# [THE PROBLEM]
Copy, word for word, the lines of the entries below between the one with "Greyhorn Pagans Podcast" and the one with "Lampă de noapte", inclusive, and leave out everything else.
═════ DATA FOR REVIEW ═════
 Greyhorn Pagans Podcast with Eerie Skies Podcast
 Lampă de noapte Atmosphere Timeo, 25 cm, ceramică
═════
═════ DATA FOR REVIEW ═════
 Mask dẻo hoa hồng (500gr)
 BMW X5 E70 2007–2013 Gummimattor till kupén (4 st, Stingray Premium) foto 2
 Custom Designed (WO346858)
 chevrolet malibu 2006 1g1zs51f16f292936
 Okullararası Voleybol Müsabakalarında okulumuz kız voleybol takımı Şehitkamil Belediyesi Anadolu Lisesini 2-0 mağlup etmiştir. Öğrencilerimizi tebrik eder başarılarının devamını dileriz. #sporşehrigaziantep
═════
═════ DATA FOR REVIEW ═════
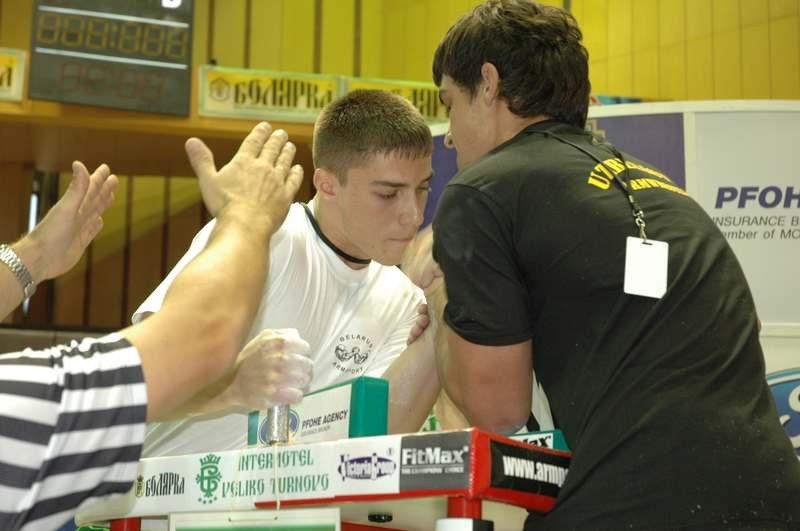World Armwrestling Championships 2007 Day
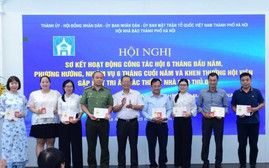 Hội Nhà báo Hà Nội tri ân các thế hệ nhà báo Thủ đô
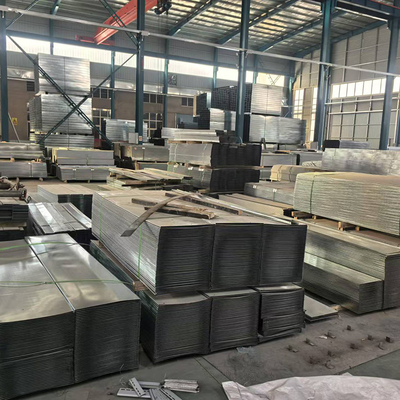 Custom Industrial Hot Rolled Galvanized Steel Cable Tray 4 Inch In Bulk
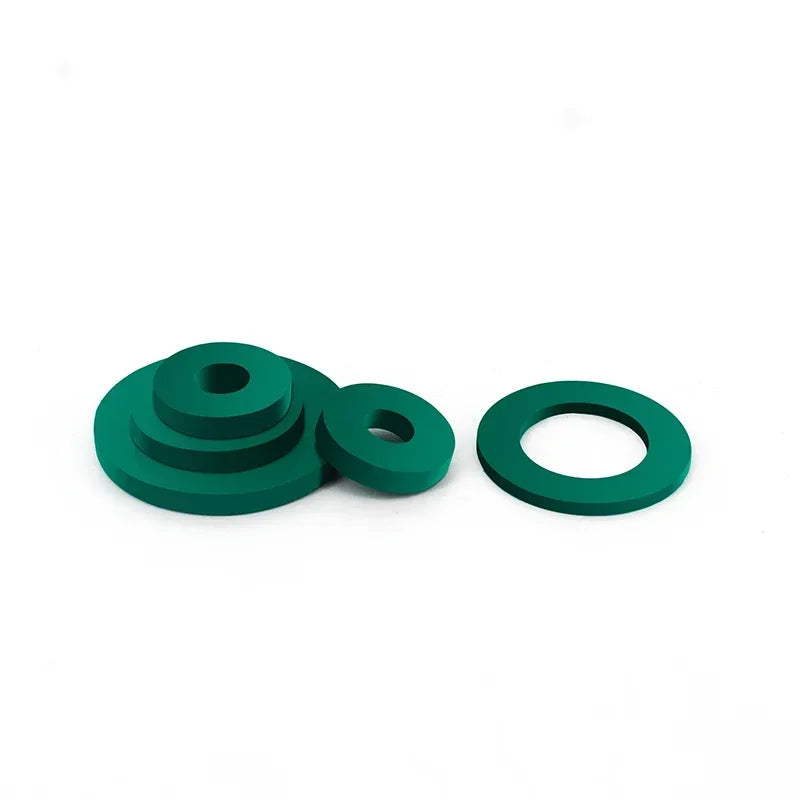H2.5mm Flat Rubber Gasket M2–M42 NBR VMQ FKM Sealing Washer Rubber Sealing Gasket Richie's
═════
# [EXERCISE SOLUTION]
 Greyhorn Pagans Podcast with Eerie Skies Podcast
 Lampă de noapte Atmosphere Timeo, 25 cm, ceramică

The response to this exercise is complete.